▸ Task brief
Copy all lines in the data that contain the string "sale".

▸ Data for analysis
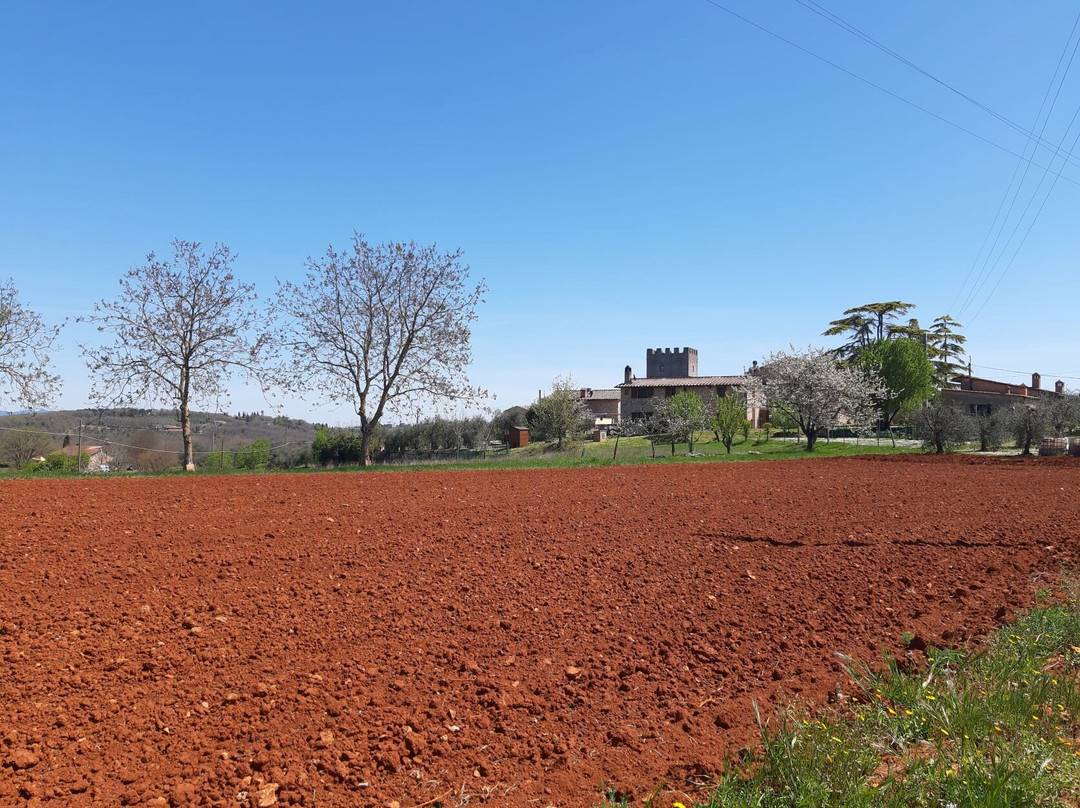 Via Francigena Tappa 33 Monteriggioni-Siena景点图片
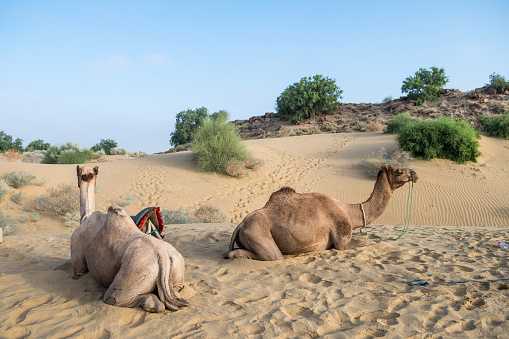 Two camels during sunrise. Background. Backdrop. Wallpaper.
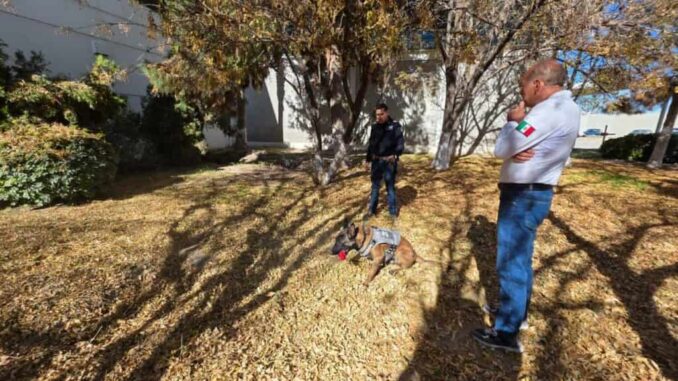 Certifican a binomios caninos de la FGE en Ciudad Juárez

* * *

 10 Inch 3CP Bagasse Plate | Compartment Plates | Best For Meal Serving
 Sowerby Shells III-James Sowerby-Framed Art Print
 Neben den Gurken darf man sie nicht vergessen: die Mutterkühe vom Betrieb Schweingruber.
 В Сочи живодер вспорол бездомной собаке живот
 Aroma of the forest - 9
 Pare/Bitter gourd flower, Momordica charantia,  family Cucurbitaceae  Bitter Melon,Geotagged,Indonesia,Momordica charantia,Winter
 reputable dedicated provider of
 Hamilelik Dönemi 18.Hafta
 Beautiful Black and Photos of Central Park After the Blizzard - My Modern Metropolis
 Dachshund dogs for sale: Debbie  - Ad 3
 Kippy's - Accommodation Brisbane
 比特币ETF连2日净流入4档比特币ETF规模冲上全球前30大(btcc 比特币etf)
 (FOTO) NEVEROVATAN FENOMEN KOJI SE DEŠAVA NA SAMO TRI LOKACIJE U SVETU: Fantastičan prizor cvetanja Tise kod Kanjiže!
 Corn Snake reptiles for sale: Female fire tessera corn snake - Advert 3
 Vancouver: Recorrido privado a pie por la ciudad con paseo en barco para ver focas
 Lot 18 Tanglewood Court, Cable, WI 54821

==

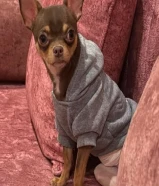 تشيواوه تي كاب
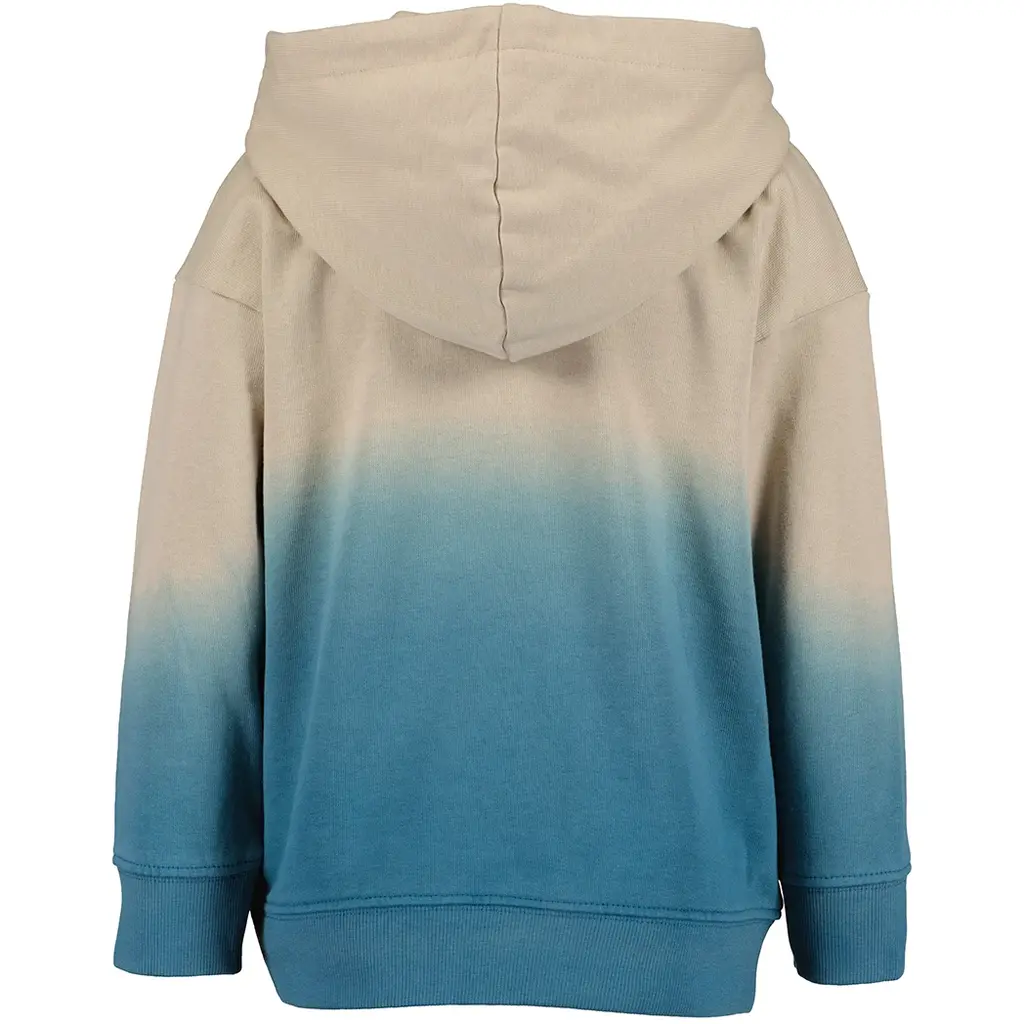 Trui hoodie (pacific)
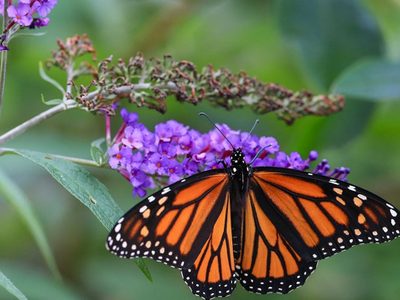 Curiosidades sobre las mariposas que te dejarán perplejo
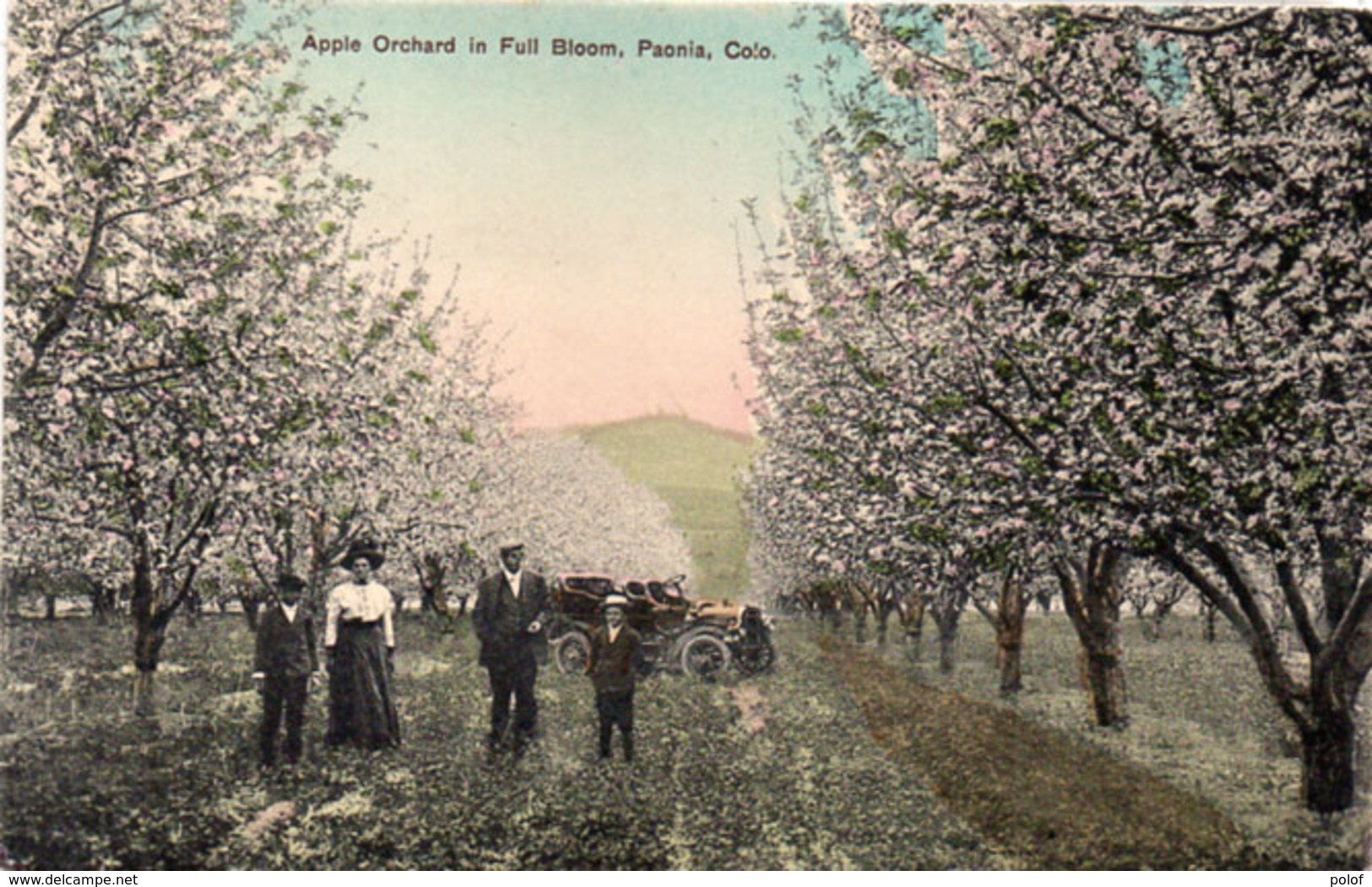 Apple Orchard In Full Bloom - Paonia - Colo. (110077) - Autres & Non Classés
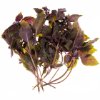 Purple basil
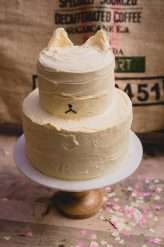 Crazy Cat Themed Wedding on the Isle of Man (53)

▸ Response box
 Dachshund dogs for sale: Debbie  - Ad 3
 Corn Snake reptiles for sale: Female fire tessera corn snake - Advert 3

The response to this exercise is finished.